Each of the baccalaureate programs contains the following: a) courses needed to meet general institutional degree requirements; b) a core of technical courses intended to give a strong background in mathematics and the physical principles of mechanics, electricity and magnetism, thermodynamics, and the quantum theory that governs physical phenomena at the microscopic level of molecules, atoms, and nuclei; c) technical electives that enable the student to explore areas of his or her choice in greater depth; d) courses involving undergraduate research, and e) free electives, about fifteen percent of the total hours, which may be employed to schedule additional technical or nontechnical courses.

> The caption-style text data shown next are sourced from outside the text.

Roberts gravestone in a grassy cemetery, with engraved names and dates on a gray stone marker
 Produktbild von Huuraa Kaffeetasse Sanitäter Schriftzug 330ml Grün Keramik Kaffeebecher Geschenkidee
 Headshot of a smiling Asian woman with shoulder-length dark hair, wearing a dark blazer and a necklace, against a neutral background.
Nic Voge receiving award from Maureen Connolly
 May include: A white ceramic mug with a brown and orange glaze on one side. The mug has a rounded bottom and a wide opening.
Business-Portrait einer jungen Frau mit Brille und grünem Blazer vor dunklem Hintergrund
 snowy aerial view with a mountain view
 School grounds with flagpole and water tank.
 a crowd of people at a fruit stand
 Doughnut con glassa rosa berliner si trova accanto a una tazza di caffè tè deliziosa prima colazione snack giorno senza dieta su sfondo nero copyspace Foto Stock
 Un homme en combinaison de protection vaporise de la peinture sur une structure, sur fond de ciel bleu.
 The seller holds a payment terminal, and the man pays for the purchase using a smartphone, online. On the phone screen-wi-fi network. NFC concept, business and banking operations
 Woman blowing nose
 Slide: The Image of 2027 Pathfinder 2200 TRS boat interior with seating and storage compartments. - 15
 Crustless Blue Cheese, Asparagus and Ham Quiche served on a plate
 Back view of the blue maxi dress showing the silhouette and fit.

The considerable flexibility inherent in the physics curricula is advantageous to students who wish to work out individual programs of study. At the same time, this flexibility suggests the need for consultation with advisors so students can make the best use of elective hours and avoid scheduling difficulties that may arise in later semesters. Students may utilize their elective freedom in the physics curricula to specialize in particular areas of physics, to prepare for careers in interdisciplinary areas of science, to compose a preprofessional program, or to gain a background in other technical or nontechnical disciplines. Students should contact their academic advisor for assistance in planning programs of study with emphasis directed toward a particular objective.

Since some students who earn a degree in physics have transferred from other disciplines, the School has planned its degree programs to enable most students to transfer into physics with little or no loss of credit.

A total of 120 credit hours (exclusive of wellness) and a grade-point average of at least 2.0 in physics courses numbered 3000 and higher are requisites for the bachelor's degree in physics.